Koumi Line in the fall of 1975
CREATE:99/01/31 11:12 Update:2019/12/10
思い出のローカル線 信沢あつし
Memories of railroad A.Nobusan
Koumi Line in the fall of 1975
CREATE:99/01/31 11:12 Update:2019/12/10
思い出のローカル線 信沢あつし
Memories of railroad A.Nobusan
類は友を呼ぶなどといっても、同じ鉄道趣味でも、全く異なる人間もいる。一緒に行った友人は、鉄道雑誌のグラビアに載るような写真を撮るのが好きな人間だった。小海線は興味があったので、彼の誘いにつきあった。列車を降りると彼は平然と草を掻き分け山に入っていく。私などは躊躇とてしまうようなところだ。彼は列車の写真を撮るとなるとどんなところでも平気で入っていってしまう。
そんな彼だが、蛇などが苦手で、一度彼と草むらに入ったとき、数匹の蛇を見たのだが、撮影が終わるまで黙っていてあげたこともある。実は彼のいるすぐ上の木の枝に蛇がぶら下がっていただが。

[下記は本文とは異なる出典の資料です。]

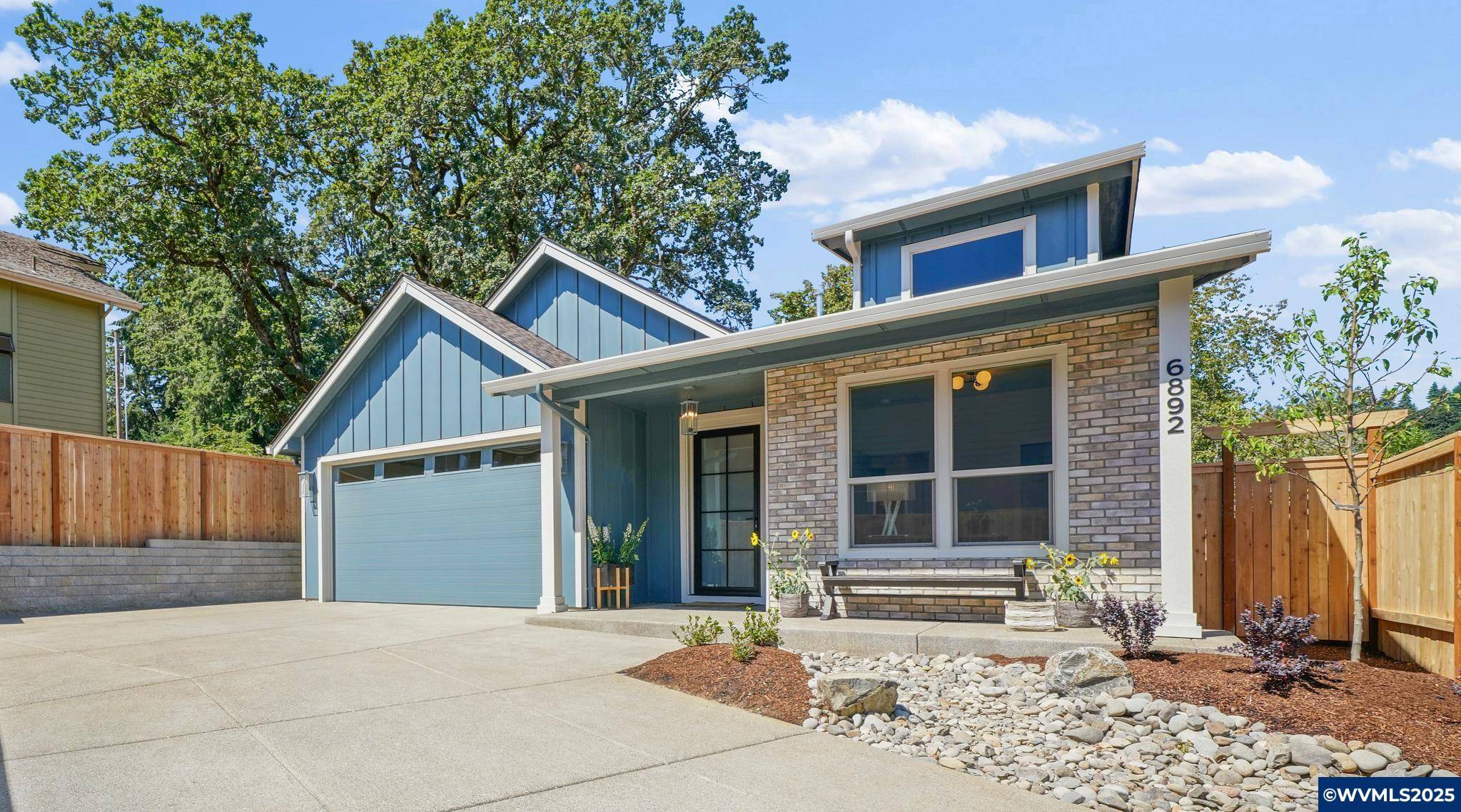 Keizer, OR 97303,Oppek (Model M) St NE NE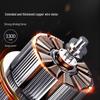 Deli DE173 2600W Diamond Core Drill CN plug (adapter included)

紅葉の時期、撮影が終わり、小海まで戻ってくると辺りはすっかり暗闇に包まれていた。ここで、列車は増結されたのかと記憶する。その光景を車両の中から撮影した。これが一番私らしい写真だった。
私としては鉄道写真は今ひとつであったが、草むらに分け入って山を登ったときに、見えた富士山が印象に残っている。高い山は、高いところに登れば登るほど、高く見えるといわれるが、正にその通りであった。
私もちょっとまねをして三脚を持って草むらに入ったが、列車と景色が入る場所などそう簡単には探せない。結局、無難なところで彼の邪魔をしないように、撮影をした。
もしかすると紅葉を撮ろうなどと出かけたのは、この時だけかもしれない。いつだったか清里方面に行った時、ホテルの売店で小海線の生い立ちについて書かれた小さな本を見つけたのを思い出した。鉄道の歴史を紐解いていく面白さを知ったのは、この時かもしれない。